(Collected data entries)

>>>

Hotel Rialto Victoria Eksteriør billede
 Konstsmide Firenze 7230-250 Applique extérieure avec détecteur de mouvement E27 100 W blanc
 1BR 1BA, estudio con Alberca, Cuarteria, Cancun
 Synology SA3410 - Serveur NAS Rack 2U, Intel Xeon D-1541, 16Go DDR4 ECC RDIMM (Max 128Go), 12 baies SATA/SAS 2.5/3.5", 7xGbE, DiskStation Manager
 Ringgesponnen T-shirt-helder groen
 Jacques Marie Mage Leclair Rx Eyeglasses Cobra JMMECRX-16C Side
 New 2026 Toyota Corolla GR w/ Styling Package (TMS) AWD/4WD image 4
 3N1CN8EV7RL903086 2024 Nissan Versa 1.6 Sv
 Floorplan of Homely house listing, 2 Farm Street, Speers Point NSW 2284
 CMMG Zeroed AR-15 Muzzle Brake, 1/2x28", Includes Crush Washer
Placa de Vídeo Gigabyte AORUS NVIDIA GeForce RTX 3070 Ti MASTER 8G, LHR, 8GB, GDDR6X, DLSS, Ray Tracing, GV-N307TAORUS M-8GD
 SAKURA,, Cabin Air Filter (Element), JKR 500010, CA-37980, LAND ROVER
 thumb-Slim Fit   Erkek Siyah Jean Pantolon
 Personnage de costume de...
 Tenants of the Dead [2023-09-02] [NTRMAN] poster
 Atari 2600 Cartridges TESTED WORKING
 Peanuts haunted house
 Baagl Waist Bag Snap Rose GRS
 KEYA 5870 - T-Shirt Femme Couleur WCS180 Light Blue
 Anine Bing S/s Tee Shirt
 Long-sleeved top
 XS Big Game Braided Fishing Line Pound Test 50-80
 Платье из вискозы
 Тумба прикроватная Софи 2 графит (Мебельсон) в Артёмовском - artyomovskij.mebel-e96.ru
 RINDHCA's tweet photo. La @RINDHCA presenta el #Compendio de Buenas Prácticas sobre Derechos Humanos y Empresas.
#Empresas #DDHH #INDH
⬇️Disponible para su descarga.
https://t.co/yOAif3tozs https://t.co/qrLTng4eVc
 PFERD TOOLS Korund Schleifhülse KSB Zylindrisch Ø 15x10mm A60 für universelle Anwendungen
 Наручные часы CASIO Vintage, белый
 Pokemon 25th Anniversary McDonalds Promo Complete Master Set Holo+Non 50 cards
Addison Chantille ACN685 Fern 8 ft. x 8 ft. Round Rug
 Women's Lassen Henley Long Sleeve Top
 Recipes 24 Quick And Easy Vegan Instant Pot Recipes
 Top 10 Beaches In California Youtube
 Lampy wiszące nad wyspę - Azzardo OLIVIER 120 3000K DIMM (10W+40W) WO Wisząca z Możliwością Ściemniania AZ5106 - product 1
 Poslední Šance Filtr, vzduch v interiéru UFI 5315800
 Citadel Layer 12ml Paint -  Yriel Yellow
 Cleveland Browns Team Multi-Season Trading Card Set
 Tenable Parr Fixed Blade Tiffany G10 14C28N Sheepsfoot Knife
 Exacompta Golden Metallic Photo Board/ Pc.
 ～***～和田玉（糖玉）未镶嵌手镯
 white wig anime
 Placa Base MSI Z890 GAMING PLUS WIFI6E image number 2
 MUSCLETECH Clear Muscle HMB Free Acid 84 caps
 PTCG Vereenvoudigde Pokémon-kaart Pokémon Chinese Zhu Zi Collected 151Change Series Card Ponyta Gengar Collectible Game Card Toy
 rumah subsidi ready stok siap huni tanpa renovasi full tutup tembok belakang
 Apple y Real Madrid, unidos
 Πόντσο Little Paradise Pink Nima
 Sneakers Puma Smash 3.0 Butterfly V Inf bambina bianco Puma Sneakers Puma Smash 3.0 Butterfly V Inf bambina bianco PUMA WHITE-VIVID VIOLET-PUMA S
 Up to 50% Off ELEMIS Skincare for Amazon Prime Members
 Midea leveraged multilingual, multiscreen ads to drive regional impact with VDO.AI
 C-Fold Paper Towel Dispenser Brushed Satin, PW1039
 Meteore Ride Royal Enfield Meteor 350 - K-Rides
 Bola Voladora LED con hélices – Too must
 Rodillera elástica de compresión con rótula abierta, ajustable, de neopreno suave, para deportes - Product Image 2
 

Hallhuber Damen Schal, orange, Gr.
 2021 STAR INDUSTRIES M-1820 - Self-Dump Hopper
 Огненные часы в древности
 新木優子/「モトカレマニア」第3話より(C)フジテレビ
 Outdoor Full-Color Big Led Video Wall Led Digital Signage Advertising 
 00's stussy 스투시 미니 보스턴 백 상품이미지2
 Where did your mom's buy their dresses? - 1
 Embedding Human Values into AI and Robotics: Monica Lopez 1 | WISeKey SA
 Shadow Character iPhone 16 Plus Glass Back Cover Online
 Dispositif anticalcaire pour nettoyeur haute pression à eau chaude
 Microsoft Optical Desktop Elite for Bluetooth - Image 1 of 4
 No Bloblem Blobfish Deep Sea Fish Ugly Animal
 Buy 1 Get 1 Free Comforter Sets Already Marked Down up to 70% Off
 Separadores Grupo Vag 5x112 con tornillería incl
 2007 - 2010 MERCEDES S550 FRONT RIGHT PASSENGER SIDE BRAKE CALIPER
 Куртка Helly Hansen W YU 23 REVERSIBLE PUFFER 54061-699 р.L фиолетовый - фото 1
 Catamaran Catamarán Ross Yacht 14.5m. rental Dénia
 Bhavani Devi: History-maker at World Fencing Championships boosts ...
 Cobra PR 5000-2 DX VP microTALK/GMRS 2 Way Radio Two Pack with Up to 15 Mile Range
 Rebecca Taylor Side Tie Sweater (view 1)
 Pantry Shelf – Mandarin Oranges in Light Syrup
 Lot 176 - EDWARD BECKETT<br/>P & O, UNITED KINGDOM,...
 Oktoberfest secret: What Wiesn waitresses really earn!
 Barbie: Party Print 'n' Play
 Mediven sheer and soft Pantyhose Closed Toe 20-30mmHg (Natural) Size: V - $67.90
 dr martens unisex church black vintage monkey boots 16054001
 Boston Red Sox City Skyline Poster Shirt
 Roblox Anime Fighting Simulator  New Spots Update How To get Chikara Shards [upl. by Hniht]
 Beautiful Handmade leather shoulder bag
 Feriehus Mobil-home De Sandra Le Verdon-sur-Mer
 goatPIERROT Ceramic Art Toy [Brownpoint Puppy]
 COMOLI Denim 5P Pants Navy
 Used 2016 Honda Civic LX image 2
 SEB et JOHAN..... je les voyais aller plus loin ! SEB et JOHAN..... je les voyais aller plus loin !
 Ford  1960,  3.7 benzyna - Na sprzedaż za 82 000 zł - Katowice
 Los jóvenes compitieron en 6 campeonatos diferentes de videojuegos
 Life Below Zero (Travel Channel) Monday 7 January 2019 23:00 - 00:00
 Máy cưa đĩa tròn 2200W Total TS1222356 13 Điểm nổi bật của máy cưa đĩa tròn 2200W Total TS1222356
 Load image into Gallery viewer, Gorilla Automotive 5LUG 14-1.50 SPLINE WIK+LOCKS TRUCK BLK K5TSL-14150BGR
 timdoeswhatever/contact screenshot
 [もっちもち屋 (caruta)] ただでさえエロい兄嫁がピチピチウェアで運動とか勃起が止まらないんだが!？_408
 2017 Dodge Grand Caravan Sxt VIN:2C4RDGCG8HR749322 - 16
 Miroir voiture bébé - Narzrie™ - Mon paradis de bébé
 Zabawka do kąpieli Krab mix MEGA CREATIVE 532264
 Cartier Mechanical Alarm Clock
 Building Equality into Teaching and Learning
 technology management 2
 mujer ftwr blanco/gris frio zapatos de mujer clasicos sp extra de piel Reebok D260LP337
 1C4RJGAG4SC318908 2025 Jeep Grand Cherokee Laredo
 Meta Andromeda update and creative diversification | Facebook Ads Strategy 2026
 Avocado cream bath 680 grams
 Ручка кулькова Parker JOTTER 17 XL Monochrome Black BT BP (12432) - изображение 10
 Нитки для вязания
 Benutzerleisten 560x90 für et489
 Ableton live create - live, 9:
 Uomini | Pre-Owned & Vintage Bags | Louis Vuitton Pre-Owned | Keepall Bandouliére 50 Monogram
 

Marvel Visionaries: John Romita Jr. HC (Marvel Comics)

<<<

BRIEF
Look above for the line with "Placa de Vídeo" and the line with "Baagl Waist Bag Snap Rose GRS"; transcribe both and all lines in between, exactly, and nothing else.

SOLUTION
Placa de Vídeo Gigabyte AORUS NVIDIA GeForce RTX 3070 Ti MASTER 8G, LHR, 8GB, GDDR6X, DLSS, Ray Tracing, GV-N307TAORUS M-8GD
 SAKURA,, Cabin Air Filter (Element), JKR 500010, CA-37980, LAND ROVER
 thumb-Slim Fit   Erkek Siyah Jean Pantolon
 Personnage de costume de...
 Tenants of the Dead [2023-09-02] [NTRMAN] poster
 Atari 2600 Cartridges TESTED WORKING
 Peanuts haunted house
 Baagl Waist Bag Snap Rose GRS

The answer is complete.